Programming Languages for my Obsidian Examples
For example, basic Obsidian does not show when a link is unresolved---when the note at the other end of the link has not been created. Clicking on the link creates an empty note that, if created by accident, needs to be deleted. Using color to flag unresolved links eliminates the accidental creation of notes by clicking links.
Changing link colors is an appearance change that requires adding CSS code to the vault. Because I am not an expert programmer, it can be difficult to visualize precisely what appearance will be created by a snippet. Consequently, I used the Pieces Chrome extension to gather several snippets from the web for testing.
It is simple to insert a snippet into Obsidian to test how it affects a vault. For CSS, the code goes into its own .css file in the snippets folder under the .obsidian folder. To easily find the snippets folder, open the Appearance settings and ask Obsidian to display the location of the snippets folder. If the folder does not exist, create it and the .css file. Then refresh the CSS snippets in the Appearance settings and enable the new CSS code.
After testing multiple CSS snippets, I kept the one that changed the font color, font weight, and background color of unresolved links. The other snippets I collected that might be useful in other vaults are also intelligently annotated by Pieces in its repository.
My workflow scope for using Obsidian knowledge management continues to increase as I gather more snippets. My next goal is to grow my vault into an Obsidian project management tool.

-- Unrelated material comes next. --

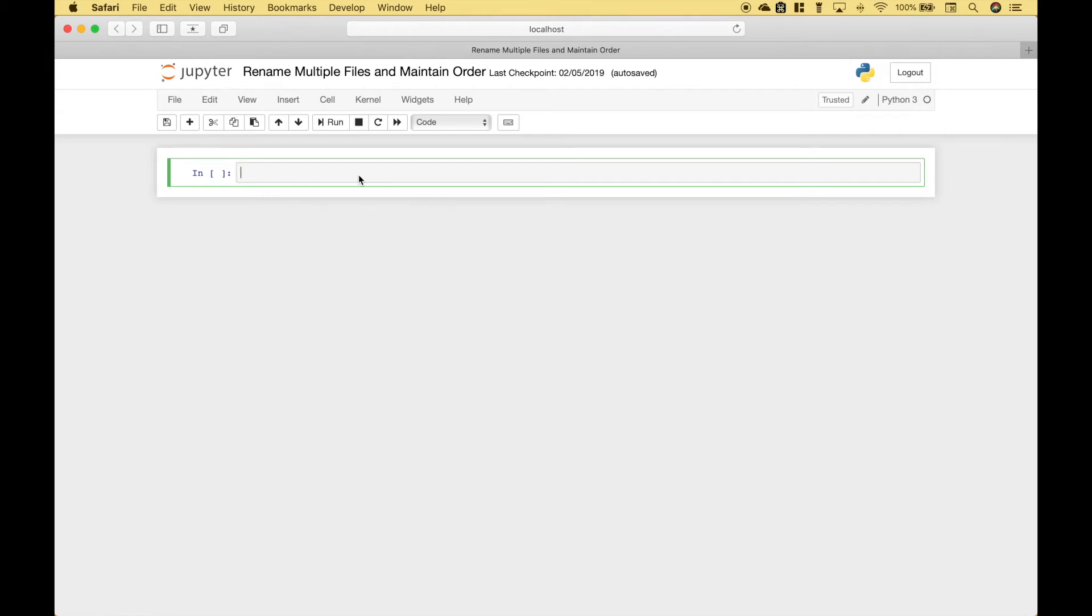Hello everybody. In this Python tutorial, we're going to go over how you can rename multiple files and maintain the order of those files.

Again, there are numerous videos and forum posts explaining how others have done it using the Obsidian code block for properties (YAML code) that can be at the beginning of any note.
My plan is to gather Obsidian example notes and test them to identify which ones produce the desired results. With help from Pieces, I am not limited to using only the languages I know. For saved snippets, Pieces provides additional information and sometimes it can be very verbose. For example:
Oleksandr H. on LinkedIn has a great article that discusses seven reasons why "Obsidian is a great tool for managing code snippets." The Pieces Obsidian plugin supports all his reasons to use Obsidian for code snippets. In addition, it (1) makes the AI intelligence of Pieces available within Obsidian, while (2) it provides a common snippet repository accessible from applications such as JupyterLab and VSCode notebooks and for sharing with Microsoft Teams.
Automating my annotation workflow required organizing how I extracted and stored information from source documents, especially PDFs. The coding challenge was the import of annotations, standalone notes, and bibliographic information from Zotero into Obsidian.
The multiple Pieces modules made it easy to gather the snippets I needed when I was browsing the web on my phone, tablet, or computer. There is a recent video by Bryan Jenks (November 6, 2023) that includes every step in his automation process, and the Pieces Obsidian plugin can be added to that.
There are numerous creators on the web who provide examples and code for other types of workflow automation in Obsidian. These include task management, project management, periodic notes for days, weeks, months, etc., habit tracking, and many others. However, be aware that Obsidian introduced properties earlier in 2023 and Zotero released version 6 in March, 2022. Consequently, older workflow descriptions may or may not work correctly.
The general process in this Obsidian knowledge base example can be applied to any Obsidian vault example that requires gathering and curating information from source documents. Also, all software discussed in this post is free unless multiple people are using an Obsidian vault to generate revenue. Even then, the cost is relatively small for the benefits provided when Pieces is integrated into your Obsidian vault(s).